Ps 110:4 makes the klng-priest who is addressed there a virtual successor of Melchizedek, and the kings of Jerusalem might well, as Gunkel suggests, have been considered successors of Melchizedek in the same way that Charlemagne was regarded as the successor of the Caesars, and the latter as successors of the Pharaohs in Egypt. This leads naturally to an early date being ascribed to Ps 110.

The thought of a priest after the order of Melchizedek is taken up by the author of Hebrews. He wanted to prove the claim of Christ to be called priest. It was impossible, even had he so wished, to consider Jesus as an Aaronic priest, for He was descended from the tribe of Judah and not from that of Levi (7:14).
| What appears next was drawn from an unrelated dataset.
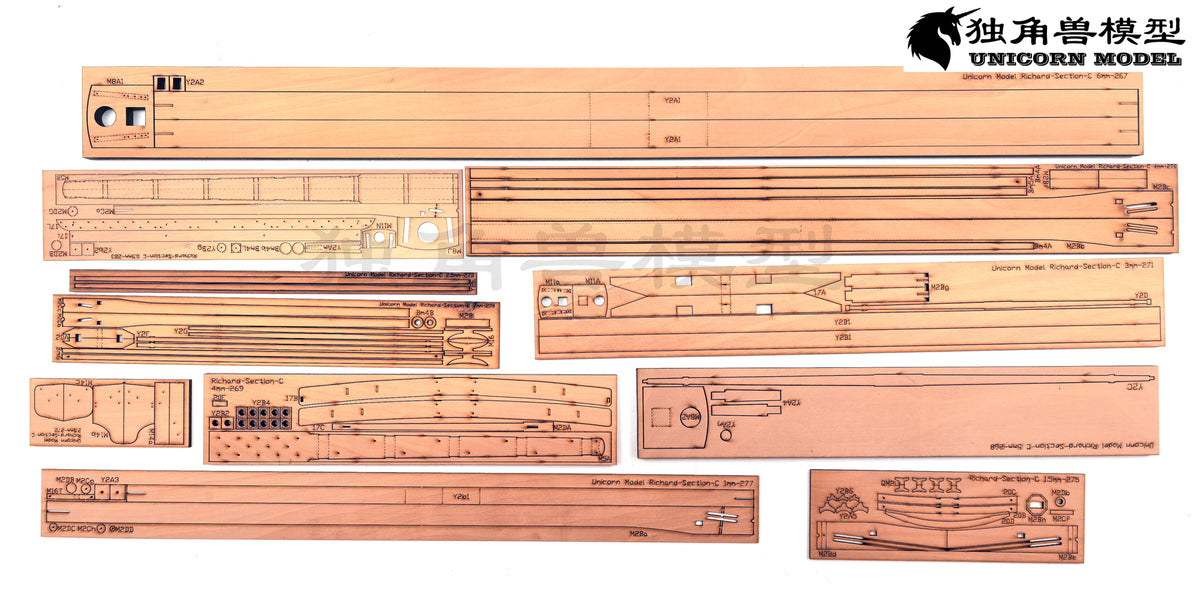 Mast, Spar and Fittings Upgrade Set For Bonhomme Richard Midsection 1 ...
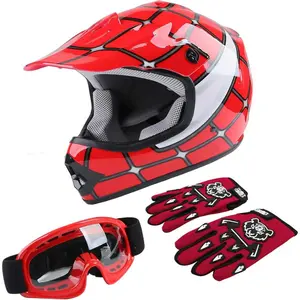 Youth Motorcycle Four Wheeler Riding Racing Helmets Motocross ATV Helmets Offroad Street Dirt Bike Go-Kart BMX MX Full Face Helmet Red Spider Samll Size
The words of Ps 110:4 are taken to refer to Him (Heb 5:5 f), and in Heb 7:5 ff the order of Melchizedek is held to be higher than that of Aaron, for the superiority of Melchizedek was acknowledged by Abraham (a) when he paid tithes to Melchizedek and (b) when he was blessed by Melchizedek, for "the less is blessed of the better." It might be added that Jesus can be considered a priest after the order of Melchizedek in virtue of His descent from David, if the latter be regarded as successor to Melchizedek But the author of He does not explicitly say this. Further, Aaron is only a "type" brought forward in He to show the more excellent glory of the work of Jesus, whereas Melchizedek is "made like unto the Son of God" (7:3), and Jesus is said to be "after the likeness of Melchizedek" (7:15).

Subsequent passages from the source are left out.